Starting at the line that contains "Lit Logos WRX", output each line exactly as written through the end of the listing below, but leave out the pictures.

[[ Data section, beginning ]]

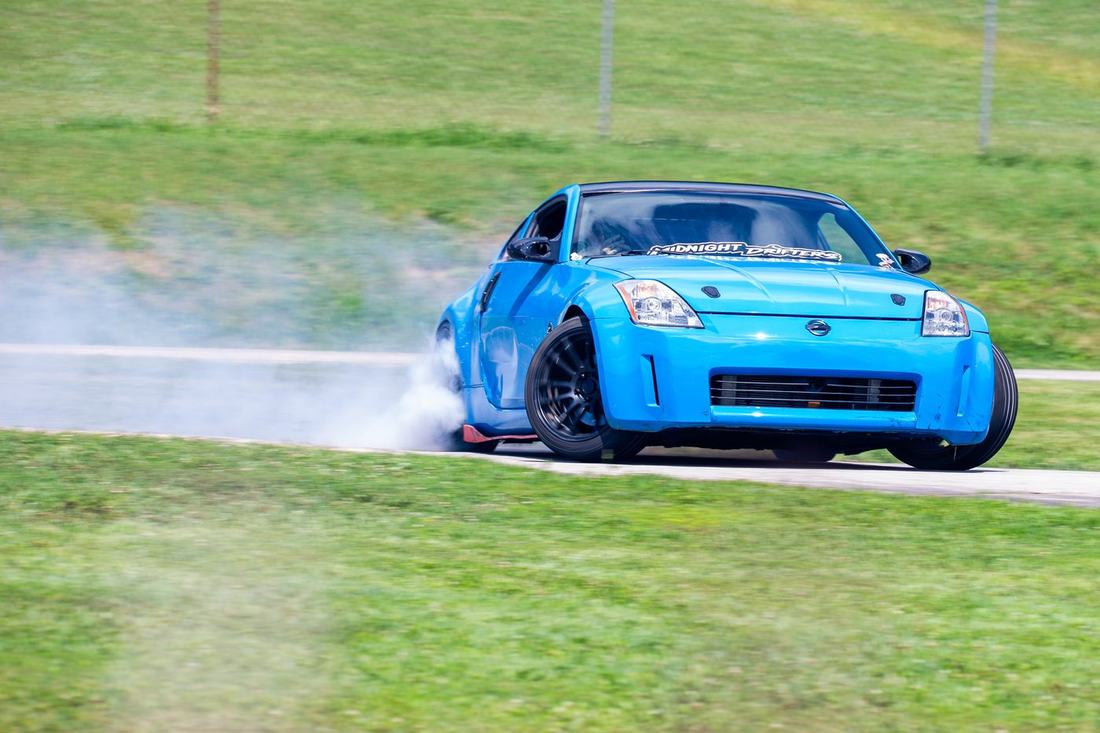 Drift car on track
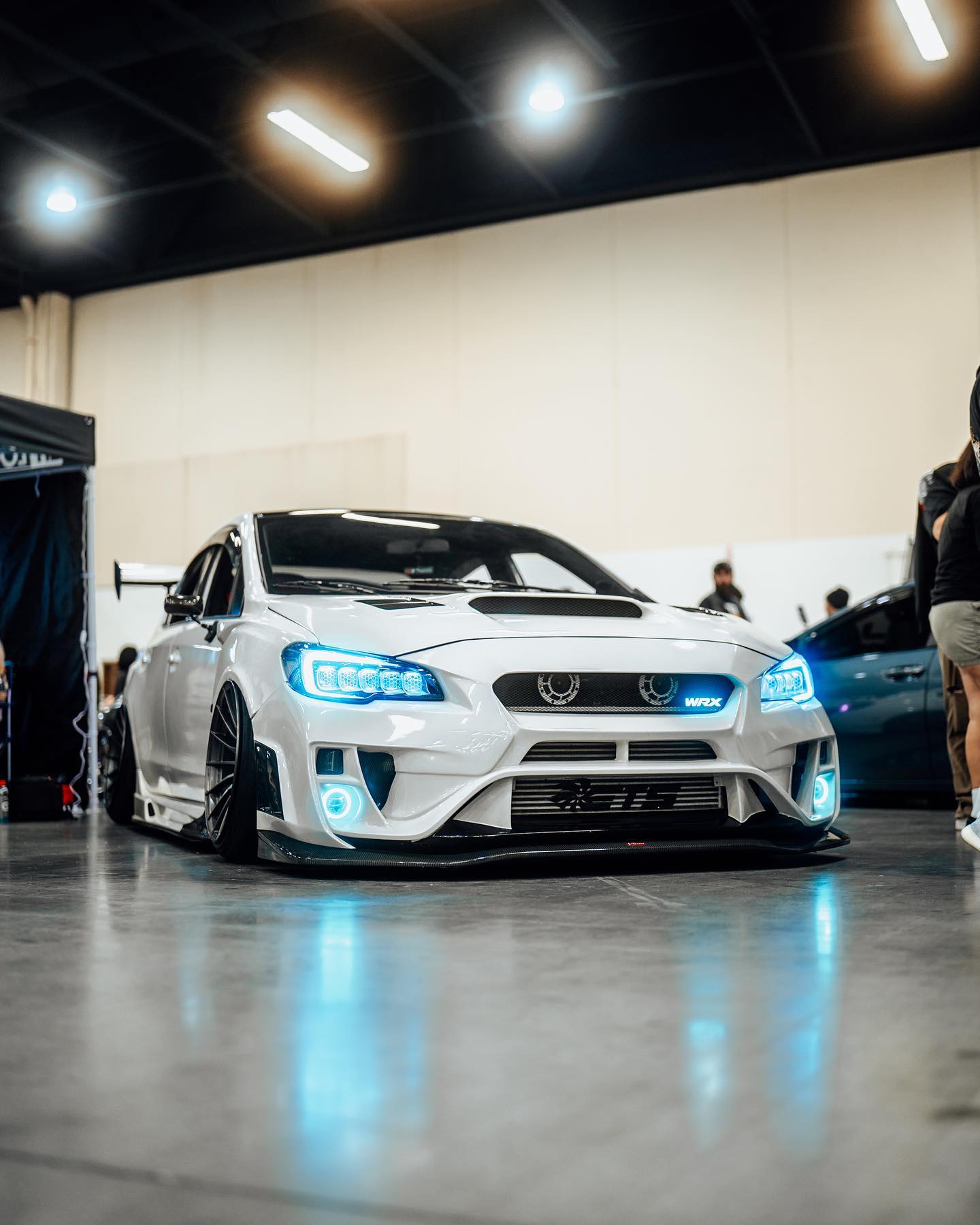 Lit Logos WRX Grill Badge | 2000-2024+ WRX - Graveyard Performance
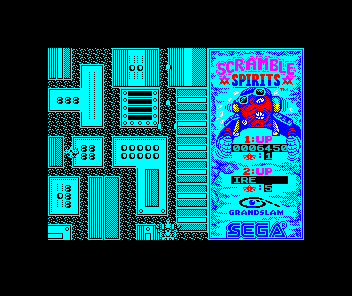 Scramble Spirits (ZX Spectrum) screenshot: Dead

[[ Data section, end ]]

*Result of the task*.
 Lit Logos WRX Grill Badge | 2000-2024+ WRX - Graveyard Performance
 Scramble Spirits (ZX Spectrum) screenshot: Dead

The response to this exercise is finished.